"""

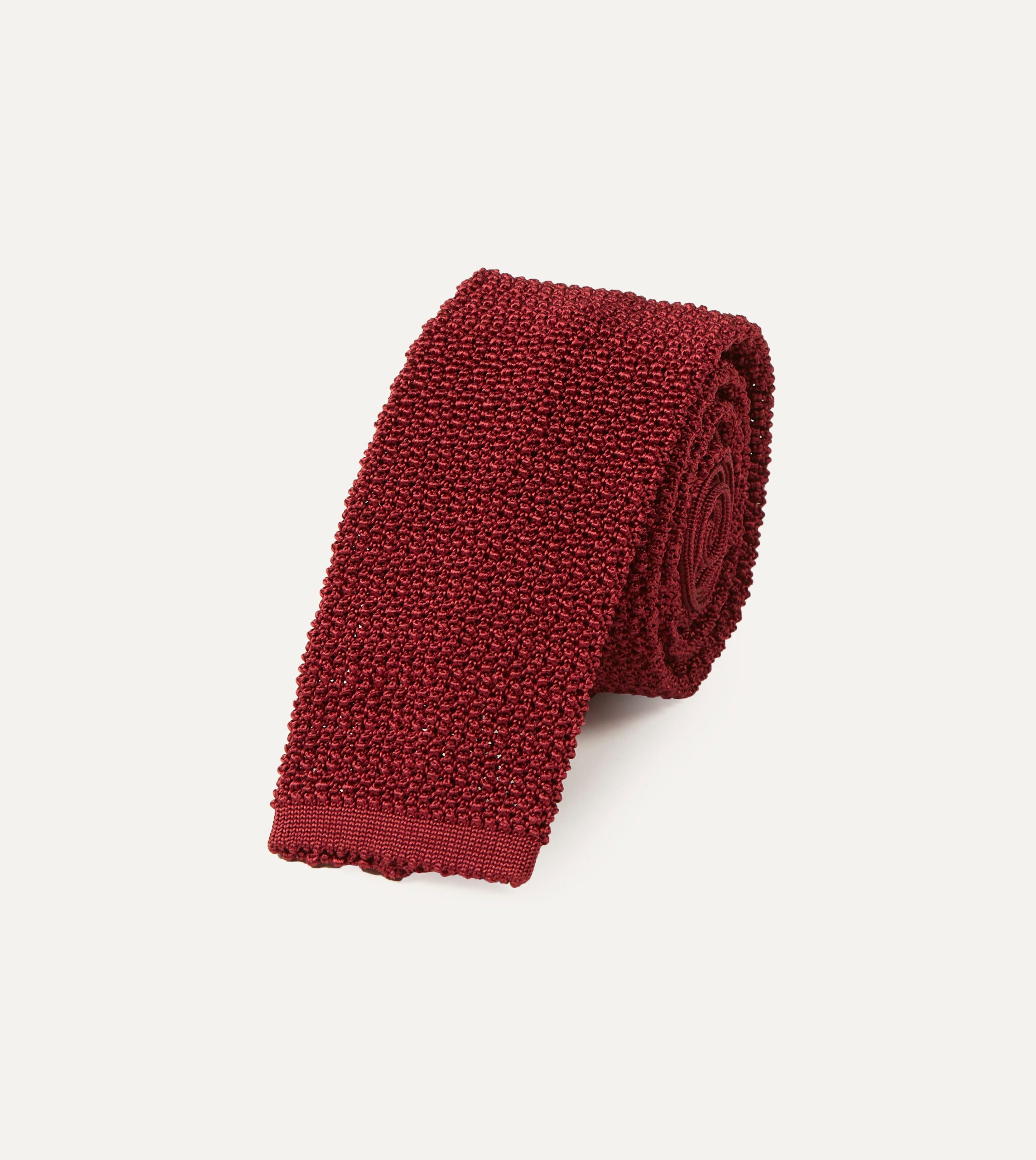 Light Wine Knitted Silk Solid Colour Tie - Image 2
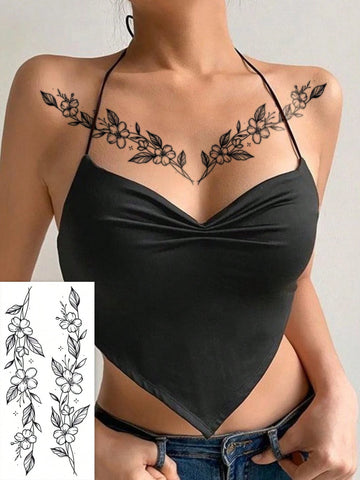 Large Flower Leaf Tattoo Sticker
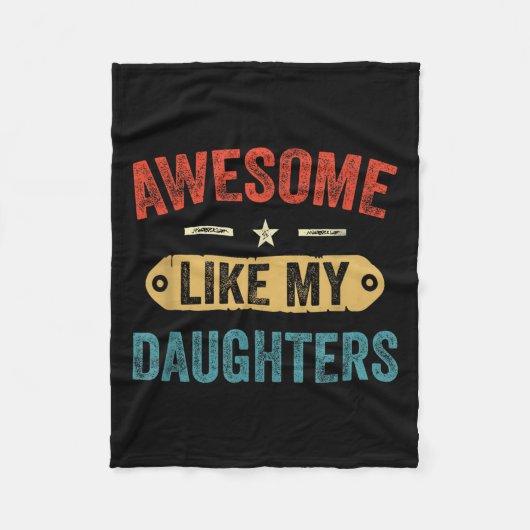 Retro Awesome Like My Daughters Funny Men Dad Fath Fleecedecke (Vorderseite)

"""

- **THE TASK**
Repeat the listing above word for word. Do not include the pictures.

- **REPLY TO THE EXERCISE**
 Light Wine Knitted Silk Solid Colour Tie - Image 2
 Large Flower Leaf Tattoo Sticker
 Retro Awesome Like My Daughters Funny Men Dad Fath Fleecedecke (Vorderseite)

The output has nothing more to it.